Content: 'early controversies' box
I might move this to near the end of the chapter rather than having it at the top of 'reliability'?
Clarity: 'These scales are common for physical quantities but actually quite infrequent in psychology'
Aren't effect sizes measured on ratio scales (per Narens & Luce)? Psychology does do a lot of measuring effects as magnitudes with a meaningful zero? We do kind of talk about one effect being about twice the magnitude of another?
Layout: The Table 8.1 caption is way off in the side bar.
Content: "When noise is high, then the denominator is going to be big and will go down to 0; when noise is low, the numerator and the denominator will be almost the same and will approach 1."
It would be nice to introduce the more general concept of a 'noise ceiling' here (e.g. in cog neuro, the noise ceiling is how well you can predict one participant from other participants, and model performance is taken relative to that, so the principle is that you can define any relative comparison to a meaningful 'ceiling' of noise, and the overall variation, \sigma_o, is a particularly common choice?)
oops, just noticed this is in footnote 11 down below; I'd just move this up?
Clarity: 'computing the correlation between the two [sets of] scores'
this subsection is a little abstract and it might be nice to add an example to make it more concrete? e.g. 'suppose we've written two copies of an exam to measure a students' knowledge of the material. If every student comes back to take the second exam, we can ask how similar each students' scores are between the two exams, or take the correlation between the two sets of score.'
Clarity: 'One rule of thumb that’s helpful for individual difference designs of this sort is that the maximal correlation that can be observed between two variables and is the square root of the product of their reliabilities:'
Is there a citation for this? It's a handy rule of thumb and people might want to read more justification for it.

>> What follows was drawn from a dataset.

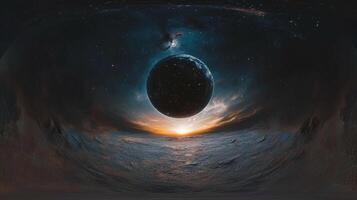 A celestial sphere hangs above a rugged, otherworldly horizon, where a golden light paints the sky with dramatic swirls and a nebula backdrop. photo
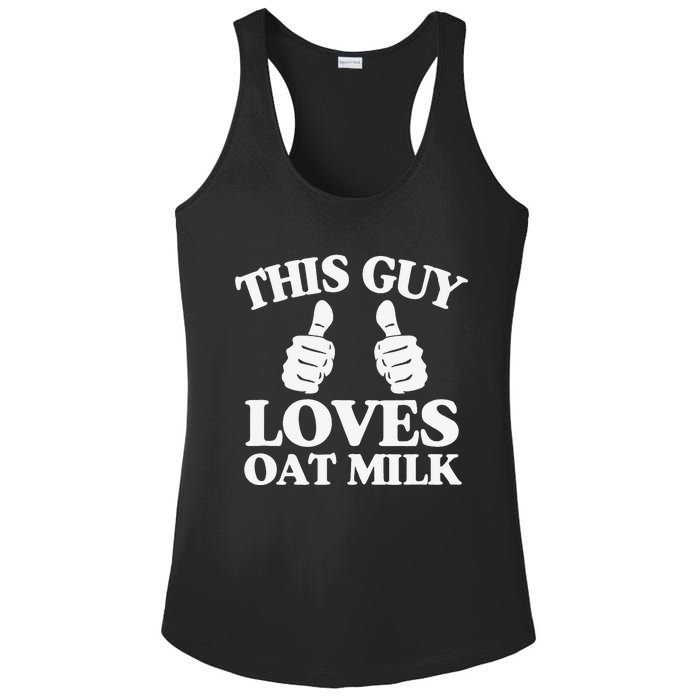 This Guy Loves Oat Milk Plant Based Vegan Barista Ladies PosiCharge Competitor Racerback Tank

Mention in section 8.1.3 the other problem with test-retest, which is that people, unlike rocks, have memory and the samples are not independent? If you measure twice in a row using very similar instruments, you'll probably overestimate the reliability because people will be biased toward what they said the first time?
Layout: bold 'nomological network'?
Content: add concrete examples for 'Face validity', 'ecological validity', 'Internal validity ', and so on?
Typo: 'In addition, the CDI shows good ~concurrent~ [convergent] and predictive validity. ~Concurrently~ [In terms of convergence], the CDI ...]
Clarity: '~Across trials, both the volume and duration of the noise blast were sometimes analyzed.~ [Sometimes the analysis focused on the volume of the noise blast and sometimes it focused on the duration.]'
Typo: 'when ~if~ researchers adopt the CRTT'
Typo: '~The decision~ [Deciding] whether to'
Clarity: 'how to figure out people’s ability abstracted away from specific items' is hard to parse.
My holistic view of the chapter is that the content and structure are really strong, but the exposition remains rather abstract and would benefit from weaving through more concrete examples. We could also add a code boxes working through a test-retest calculation or cronbach's alpha calculation on an example dataset? (or make a version of Figure 8.6 from real data, plotting paired test-retest datapoints with lines connecting them?)
Below are some relatively small comments from a read-through.